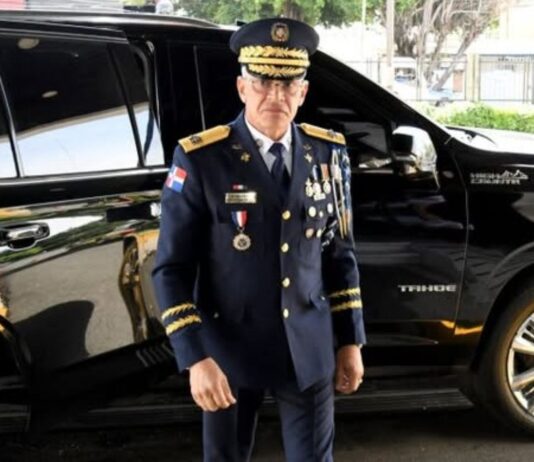 POLICIAL…También bajan homicidios… Policía Nacional dice que de enero a septiembre los casos de robos se redujeron casi un 30 %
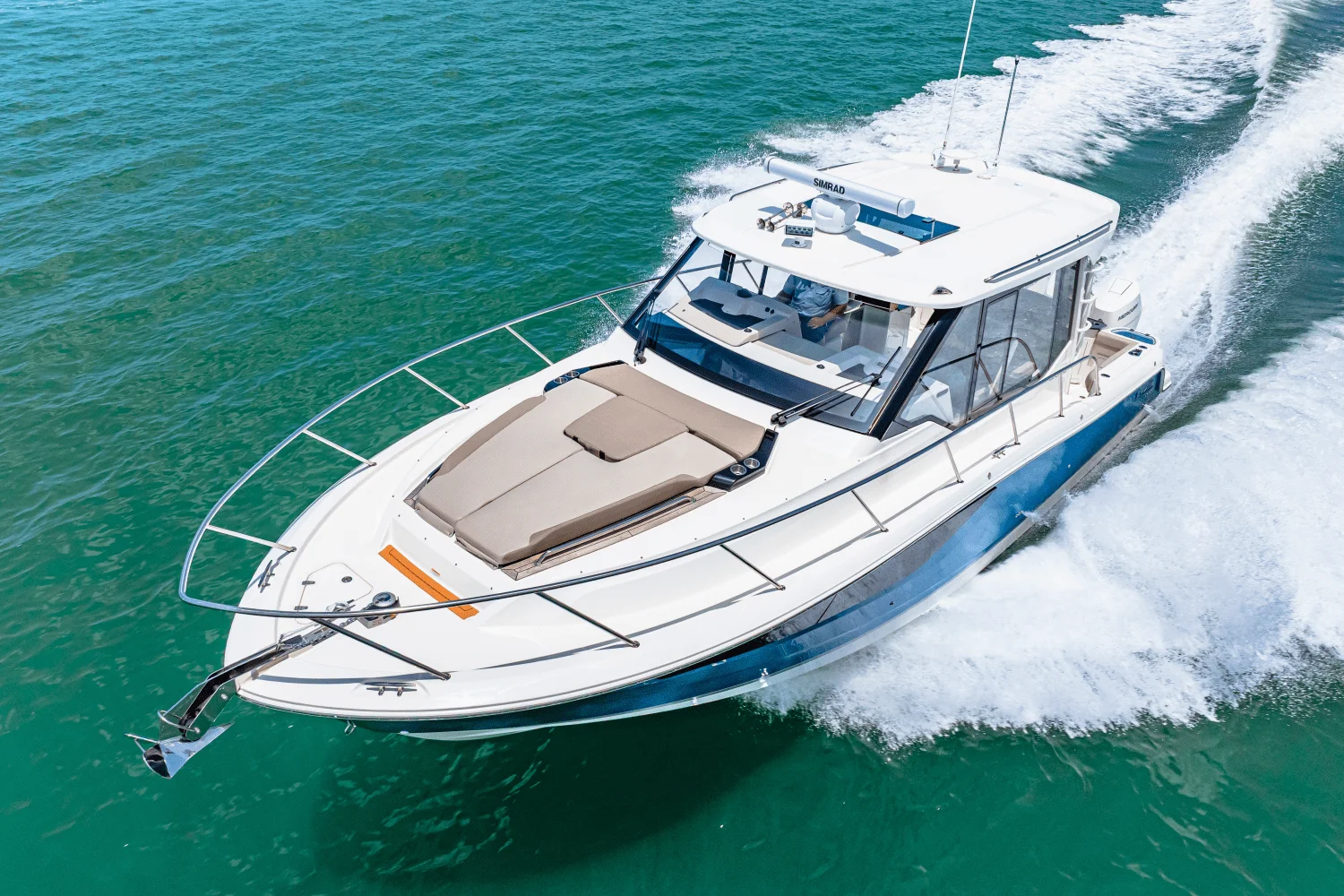 2025 Boston Whaler 365 Conquest Image Thumbnail #26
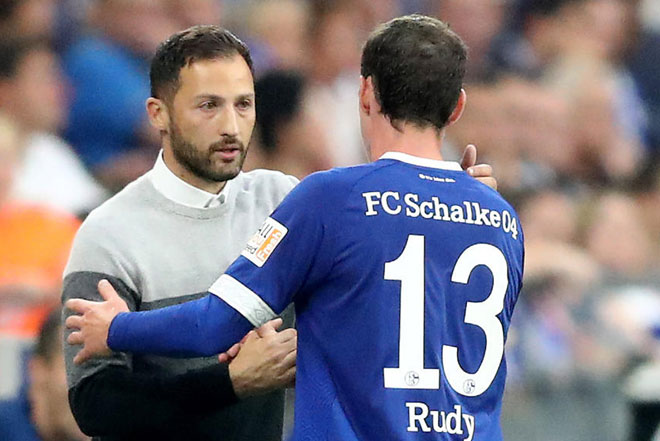 Schalke 04 - Man City: Thành yếu khó cản lốc xoáy - 1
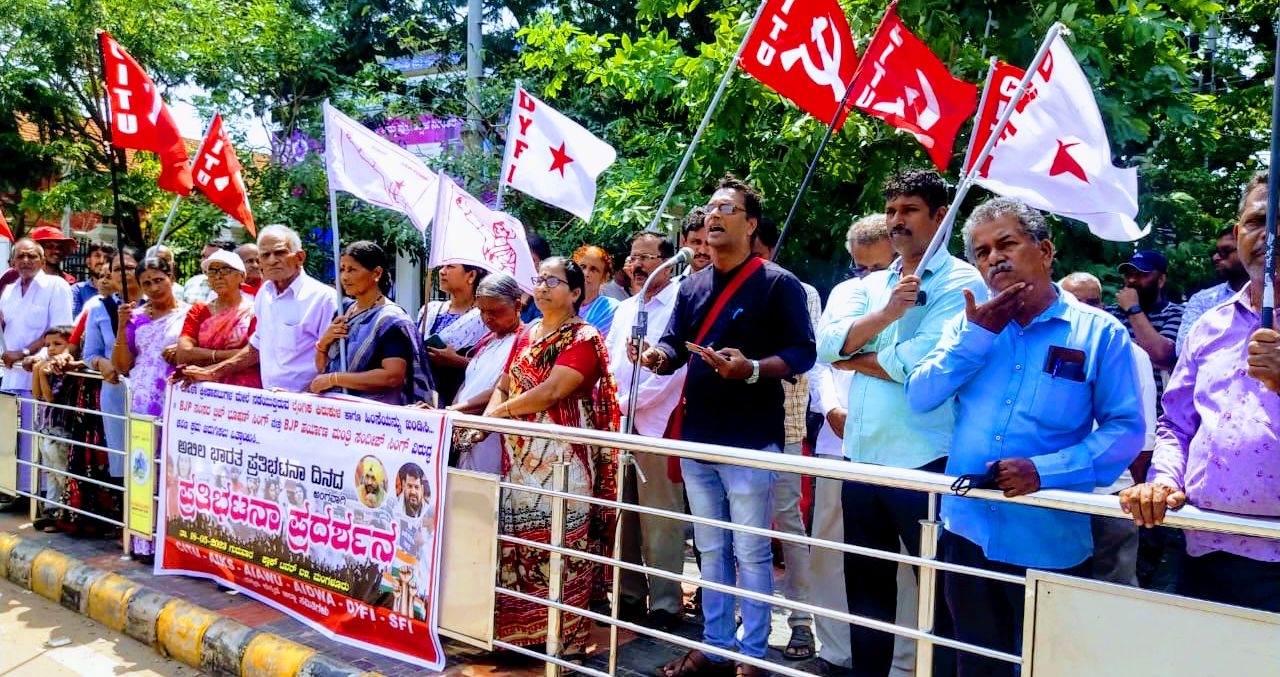 ಮಂಗಳೂರು: ಮಹಿಳಾ ಕ್ರೀಡಾಪಟುಗಳ ಮೇಲೆ ಲೈಂಗಿಕ ಕಿರುಕುಳ ಖಂಡಿಸಿ ಪ್ರತಿಭಟನೆ ಮಂಗಳೂರು: ಮಹಿಳಾ ಕ್ರೀಡಾಪಟುಗಳ ಮೇಲೆ ಲೈಂಗಿಕ ಕಿರುಕುಳ ಖಂಡಿಸಿ ಪ್ರತಿಭಟನೆ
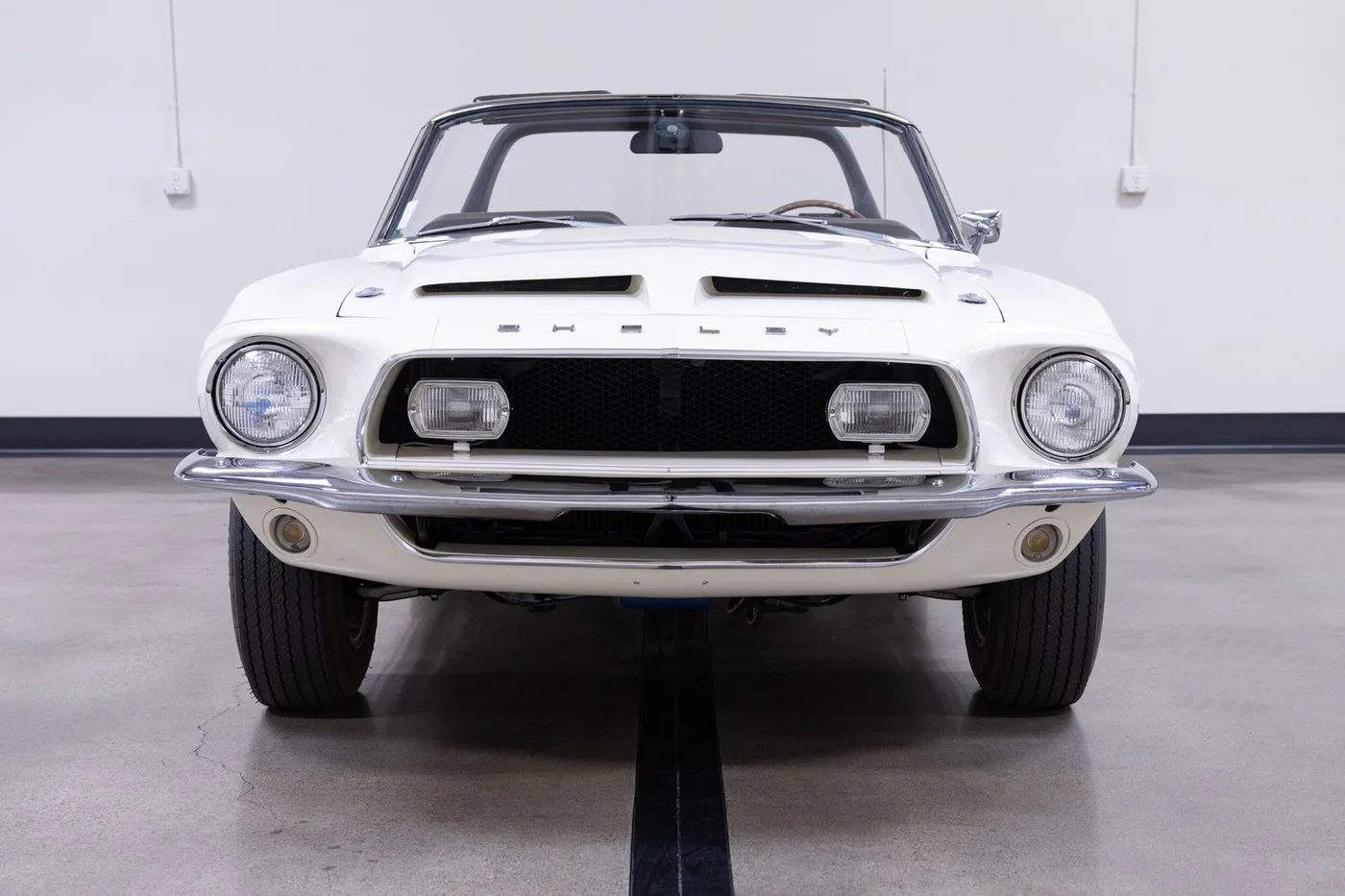 1968 Shelby Mustang GT500KR sold by a specialist dealer in Costa Mesa, United States, photo 3 of 15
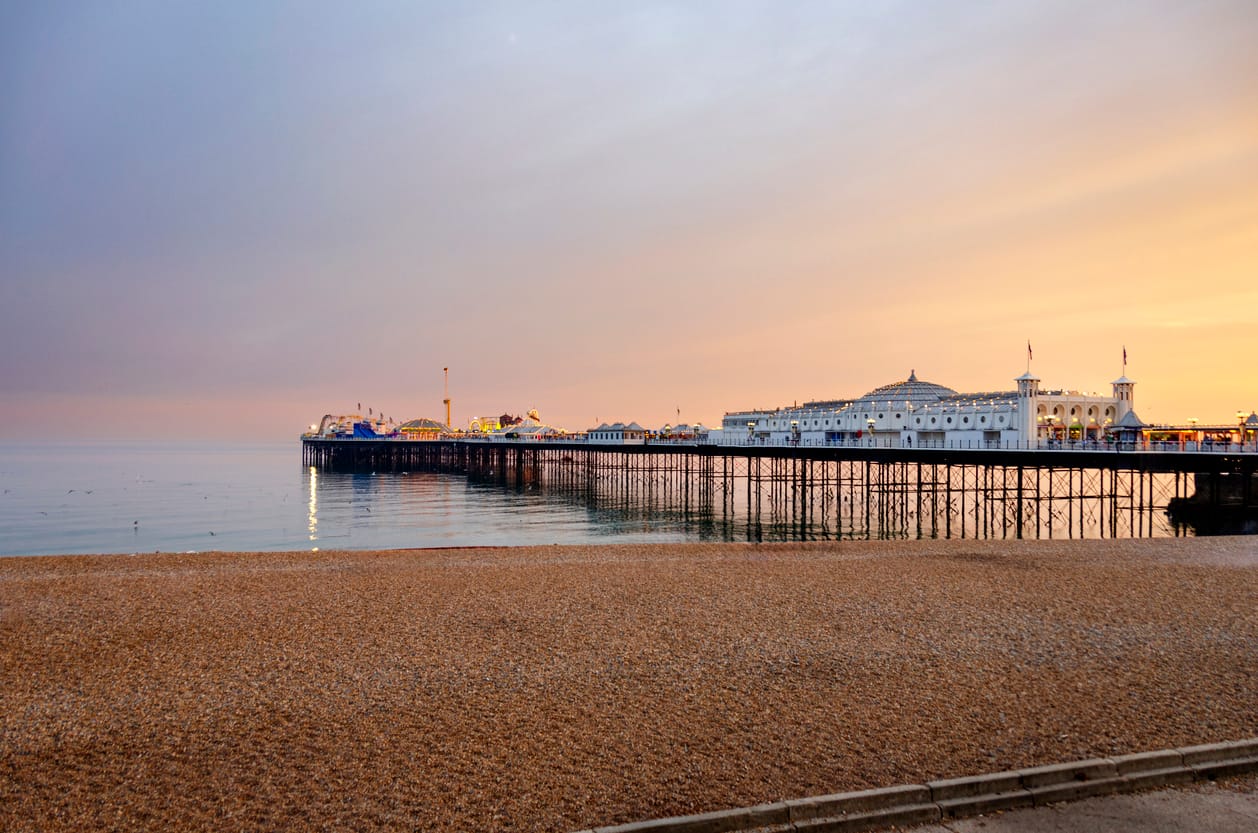 Find Brighton cottages by the sea
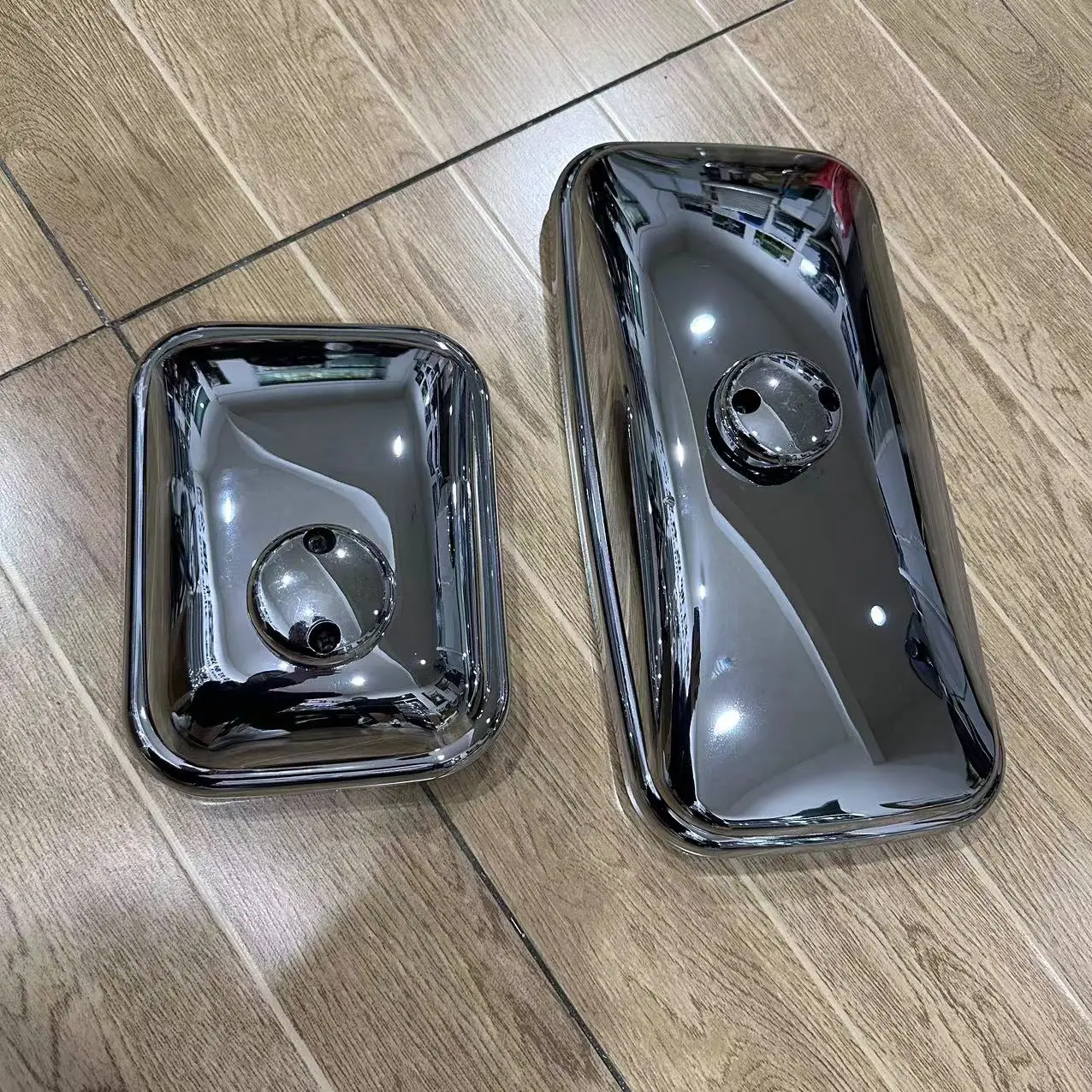 GHCD New Product/high Quality /factry Price Japanese Truck HIN 300(wide) New Chrome-plated  Mirror Cover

= PROBLEM TO WORK ON =
Take the lines from the one that contains "1968 Shelby Mustang" through the last line of the material above and reproduce them exactly, leaving out any pictures.

= OUTPUT OF THE EXERCISE =
 1968 Shelby Mustang GT500KR sold by a specialist dealer in Costa Mesa, United States, photo 3 of 15
 Find Brighton cottages by the sea
 GHCD New Product/high Quality /factry Price Japanese Truck HIN 300(wide) New Chrome-plated  Mirror Cover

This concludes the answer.